# Help: making a compound shape with LITRANI

Hi, rooters. I’m working on LITRANI (Gentit’s) trying to combine two shapes (tsbriks) as one flourescent piece. But in doing so I reached two problems.

First, It seems to be that litrani put revetment between the shapes composing the piece: I compair the composition of two tsbriks (model A) and one tsbrik alone (model B). Model A and B had the same dimensions, the same light detectors and were exposed to the same beam of pions. However, the efficency (saw in dostats) was different (1.2% vs 0.8%) due to absortion in revetment How do I tell litrani to consider model A as just one piece?

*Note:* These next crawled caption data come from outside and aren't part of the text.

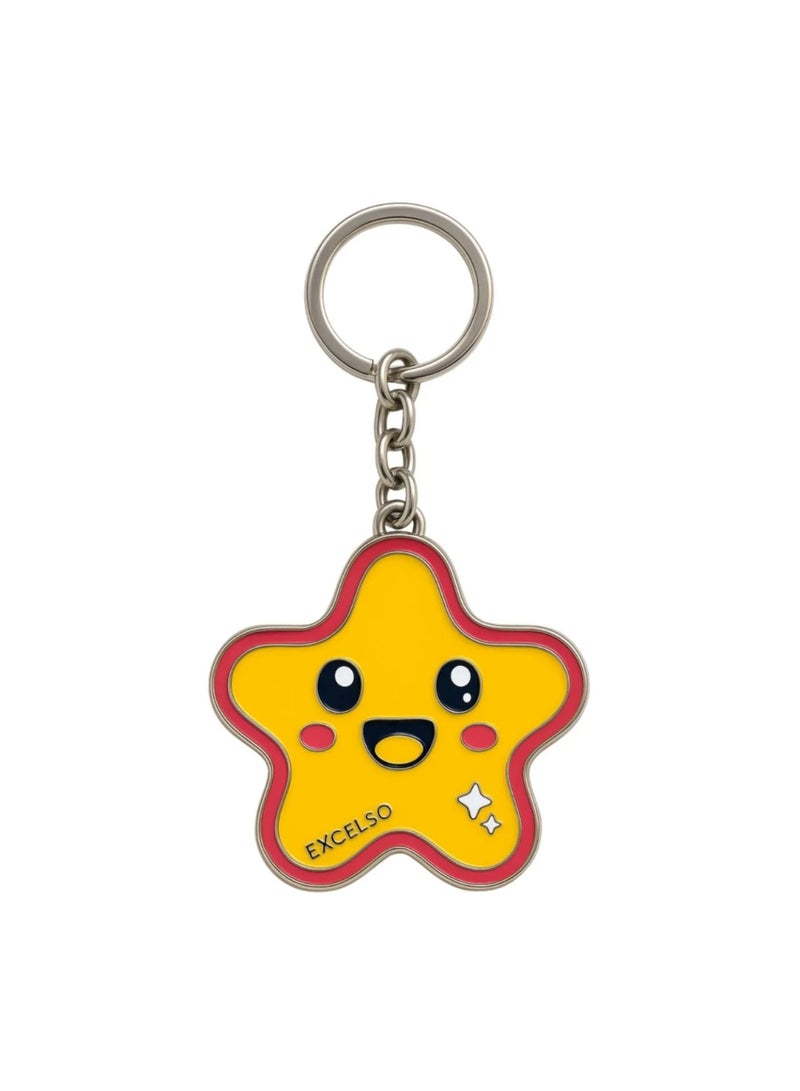 Excelso Metal Medal – Happy Star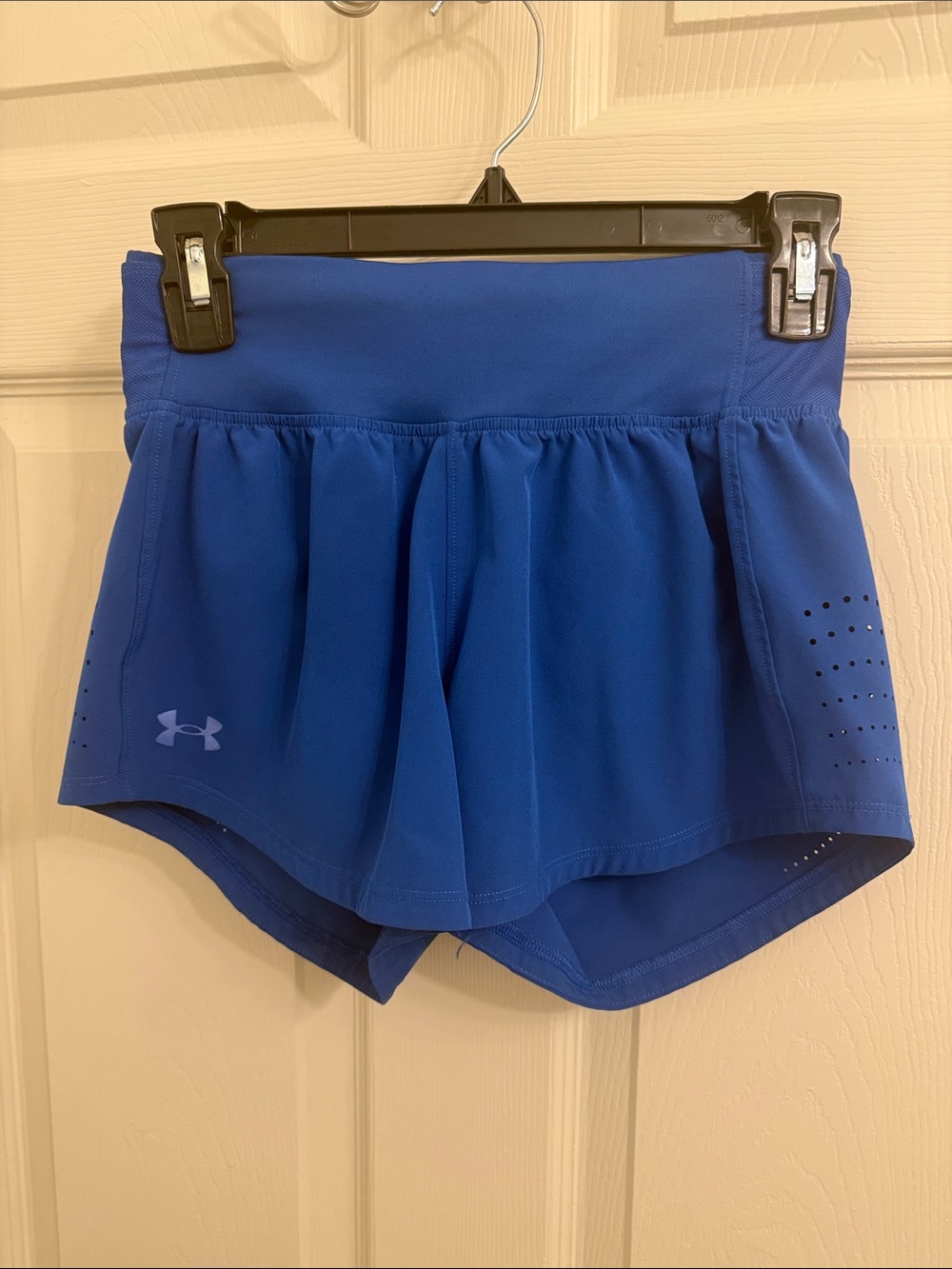 Under Armour Royal Blue Women's Athletic Skort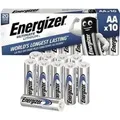 Energizer Ultimate Lithium L91 Mignon AA Batterie 10er Box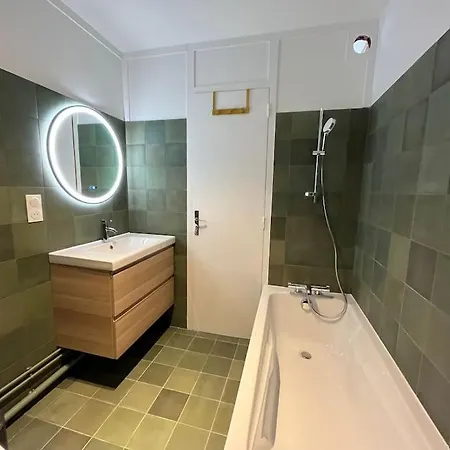 La Mongie - Renove Avec Terrasse Plein Sud Apartamento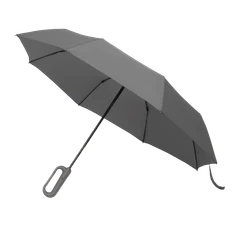 Зонт складной автоматический Portobello Azimut, серый фото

Second, When I take off the revetment in the construction of the tsbriks (to obtain equivalence between the two models), detectors doesn’t work. Am I doing something wrong or it we have to define a revetment?

dimensions of tsbriks are ( 10, 10, 5 )
dimensions of detectors - fibers ( 0.1, 0.1, 0.1 ) -> 4 fibers on one side of the plastic

example of definition of one of the tsbriks
pieza1 = new TSBRIK( “PIEZA1”, “PIEZA1”, “PLASTICO”, “TEFLON”, hdx, hdy, hdz );

contact between pieces:
union = new TContact( “UNION”, “UNION”, “PIEZA1”, “PIEZA2”, identical, “none” );

example of detector:
fibra1 = new TSBRIK( “FIB1”, “FIB1”, “AIRE”, “TOTABS”, hdxf, hdyf, hdzf );

example of contact between fiber and plastic:
UnFibra1 = new TContact( “UNFIB1” , “UNFIB1”, “FIB1”, “PIEZA1”, contained, “none” );

Thanks for the attention,

Carlos,

These classes are not ROOT classes. You should communicate with FX.Gentit

Rene

To understand your problem, I must have a look at your example. I will do it as soon as I can. Notice the following point about revetment in Litrani: when a face of a shape is declared as having a revetment, but part of this face (or the whole face) is in contact with an other shape, Litrani assumes that there is no revetment for the part in contact.

I have read your macro and I have found it correct. Then I have tried it giving to “NumPiezas” values of 1,2,5 or 10 and I always found the same efficiency within the statistical error: 0.86 ± 0.01. [86% not 0.8%!]. So I do not see the problem? Could you explain what are the numbers you quote 1.2% vs 0.8% ?